It’s really not as exciting as it sounds unfortunately 🙂 I’ve been quiet on the subject for some time, though, and wanted to put out some information.
For a long time I debated whether I should fully refactor Paint.NET, or do it from scratch. I finally decided on the latter, and have finally been able to make some progress. Bear in mind that "from scratch" means that I started with a brand new, empty solution file in Visual Studio. It does not mean I’m throwing out all the current Paint.NET code. There are many places where I will be able to reuse vast amounts of it — rendering kernels, effects, math, algorithms, etc. The entire structure of the program will be different, however. If you demolish your old house to build a new one, you don’t throw out the grand piano in the living room too. It still has plenty of value.

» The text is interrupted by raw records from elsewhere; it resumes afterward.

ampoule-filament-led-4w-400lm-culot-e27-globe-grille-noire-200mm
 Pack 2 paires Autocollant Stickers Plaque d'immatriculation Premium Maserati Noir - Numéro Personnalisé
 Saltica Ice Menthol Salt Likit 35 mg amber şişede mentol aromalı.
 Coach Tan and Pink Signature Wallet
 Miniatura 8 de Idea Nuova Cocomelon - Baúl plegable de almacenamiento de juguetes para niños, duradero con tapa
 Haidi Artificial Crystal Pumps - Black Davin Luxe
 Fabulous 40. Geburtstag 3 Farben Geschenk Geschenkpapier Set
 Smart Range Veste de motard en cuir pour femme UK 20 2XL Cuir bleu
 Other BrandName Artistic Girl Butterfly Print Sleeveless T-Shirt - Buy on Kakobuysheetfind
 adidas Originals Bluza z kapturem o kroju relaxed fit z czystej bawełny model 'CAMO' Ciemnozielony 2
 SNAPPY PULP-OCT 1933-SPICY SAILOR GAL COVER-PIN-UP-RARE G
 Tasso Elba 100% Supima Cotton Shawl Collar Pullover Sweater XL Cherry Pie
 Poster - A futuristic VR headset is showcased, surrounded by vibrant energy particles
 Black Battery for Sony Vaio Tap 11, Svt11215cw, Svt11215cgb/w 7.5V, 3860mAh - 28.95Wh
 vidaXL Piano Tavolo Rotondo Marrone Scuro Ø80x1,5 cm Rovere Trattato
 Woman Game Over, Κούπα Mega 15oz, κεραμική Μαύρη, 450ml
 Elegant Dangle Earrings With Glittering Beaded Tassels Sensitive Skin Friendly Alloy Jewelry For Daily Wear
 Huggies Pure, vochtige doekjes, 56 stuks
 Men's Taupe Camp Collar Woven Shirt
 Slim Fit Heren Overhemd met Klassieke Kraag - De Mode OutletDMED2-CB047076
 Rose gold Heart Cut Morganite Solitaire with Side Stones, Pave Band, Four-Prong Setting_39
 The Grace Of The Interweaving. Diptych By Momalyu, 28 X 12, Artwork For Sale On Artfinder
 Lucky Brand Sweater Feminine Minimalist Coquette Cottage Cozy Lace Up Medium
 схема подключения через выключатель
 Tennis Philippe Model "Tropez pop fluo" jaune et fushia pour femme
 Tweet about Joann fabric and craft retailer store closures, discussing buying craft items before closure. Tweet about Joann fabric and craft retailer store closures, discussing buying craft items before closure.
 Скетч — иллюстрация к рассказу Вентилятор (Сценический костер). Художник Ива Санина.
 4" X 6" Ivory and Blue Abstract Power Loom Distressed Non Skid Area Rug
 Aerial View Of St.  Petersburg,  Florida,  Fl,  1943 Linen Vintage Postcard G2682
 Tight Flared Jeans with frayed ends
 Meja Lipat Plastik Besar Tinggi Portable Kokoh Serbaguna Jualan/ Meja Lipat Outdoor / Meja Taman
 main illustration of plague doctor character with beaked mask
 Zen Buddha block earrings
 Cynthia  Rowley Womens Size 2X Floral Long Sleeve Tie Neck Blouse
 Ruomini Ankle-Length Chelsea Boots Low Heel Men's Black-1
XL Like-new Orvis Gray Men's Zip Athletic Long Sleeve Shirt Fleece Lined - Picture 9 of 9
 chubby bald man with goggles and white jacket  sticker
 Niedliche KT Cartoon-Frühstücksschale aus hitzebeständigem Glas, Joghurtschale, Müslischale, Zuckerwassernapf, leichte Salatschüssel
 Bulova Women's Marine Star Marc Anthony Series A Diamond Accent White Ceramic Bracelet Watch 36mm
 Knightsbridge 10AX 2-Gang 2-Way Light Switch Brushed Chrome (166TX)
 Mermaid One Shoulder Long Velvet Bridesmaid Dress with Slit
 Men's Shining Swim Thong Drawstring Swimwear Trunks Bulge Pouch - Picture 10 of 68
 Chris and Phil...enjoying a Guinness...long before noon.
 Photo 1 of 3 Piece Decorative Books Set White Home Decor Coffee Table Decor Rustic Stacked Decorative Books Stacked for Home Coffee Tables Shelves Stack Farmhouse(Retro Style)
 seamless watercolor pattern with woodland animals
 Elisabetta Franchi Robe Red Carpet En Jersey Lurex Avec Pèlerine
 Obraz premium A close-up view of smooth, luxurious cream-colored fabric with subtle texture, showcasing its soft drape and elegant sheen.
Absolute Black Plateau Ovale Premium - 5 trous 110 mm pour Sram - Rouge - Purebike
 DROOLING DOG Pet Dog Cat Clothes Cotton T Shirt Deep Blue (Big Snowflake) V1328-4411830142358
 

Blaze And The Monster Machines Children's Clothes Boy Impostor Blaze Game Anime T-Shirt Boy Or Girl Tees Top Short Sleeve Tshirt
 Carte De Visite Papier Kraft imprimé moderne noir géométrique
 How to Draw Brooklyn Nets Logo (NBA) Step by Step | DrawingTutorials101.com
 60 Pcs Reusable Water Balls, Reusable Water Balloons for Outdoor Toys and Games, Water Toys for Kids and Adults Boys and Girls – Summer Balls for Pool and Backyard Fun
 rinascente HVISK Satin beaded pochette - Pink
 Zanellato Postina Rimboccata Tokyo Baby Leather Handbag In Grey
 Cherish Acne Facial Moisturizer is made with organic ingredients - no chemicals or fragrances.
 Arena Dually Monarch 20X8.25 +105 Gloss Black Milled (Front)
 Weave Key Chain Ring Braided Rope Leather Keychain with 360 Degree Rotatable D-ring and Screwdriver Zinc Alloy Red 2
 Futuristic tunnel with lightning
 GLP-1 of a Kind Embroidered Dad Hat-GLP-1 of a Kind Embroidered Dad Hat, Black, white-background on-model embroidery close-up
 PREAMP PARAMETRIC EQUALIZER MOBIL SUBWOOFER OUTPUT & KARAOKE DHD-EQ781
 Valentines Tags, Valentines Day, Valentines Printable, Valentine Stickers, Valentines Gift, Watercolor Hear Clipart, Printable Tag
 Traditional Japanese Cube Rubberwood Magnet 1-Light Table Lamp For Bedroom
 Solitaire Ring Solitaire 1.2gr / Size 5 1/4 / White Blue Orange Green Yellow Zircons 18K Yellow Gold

The screenshot above is from a build that so far contains about 12,000 lines of code. This sounds like an exorbitant amount for a few menus and an About dialog, but hear me out. I’m building it using Inversion-of-Control (IoC) and related patterns, which requires a lot of new decisions to be made regarding assembly layout (layering, essentially). I’ve also got a new system for asynchronous programming, separation of UI and logic, separation of "contract" and "implementation" assemblies (this becomes very important when plugins come into play), command routing and handling, etc. Along the way I’m learning more about .NET 3.5 and C# 3.0, and have come across some wickedly cool things that are now possible.
As far as possible, everything is lazy initialized or loaded in Paint.NET v4. To aid this, I have a new asynchronous programming model and exception handling pattern, which I could probably talk about for hours. For example, in the screenshot above, the icons for the menu items are not loaded until you click on the menu — in fact, they are loaded using background threads (the threadpool). The graphics and rich text that populate the About dialog are also loaded from the resource manager service using a background thread. For these specific cases, there are no major performance requirements that necessitate this; however, it’s much easier to solve these simple cases and to establish good patterns for later, than the reverse. I’ve also got an old Pentium 4 that I now have available for baseline performance testing, and it will be interesting to see if I can keep the program as responsive on that system as on my Core 2 Quad — even if rendering kernels take longer to complete, it should still always immediately respond to input. *crosses fingers* (Anyone else get sick of Safari on iPhone not being responsive while loading some web pages? Yeah.)
Also, in the screenshot you may notice that the mouse cursor is resting in the File menu even though the About dialog is open. In Paint.NET 3, all dialogs are modal and you can’t do anything with the rest of the program while one is open. In Paint.NET 4, I’m trying to remove this as much as possible and as far as it makes sense to. For example, why should an update download prevent you from using the rest of the program? Why can’t you switch from image 1 to image 2 while a compute-intensive (aka, "takes a long time") effect is rendering on image 1? Why can’t you interact with the canvas while an effect dialog is open? Or change the selected colors?
Anyway, that’s all for now. I estimate that Paint.NET v4 will be 200,000 lines-of-code when it is done, which places me at about 6% complete.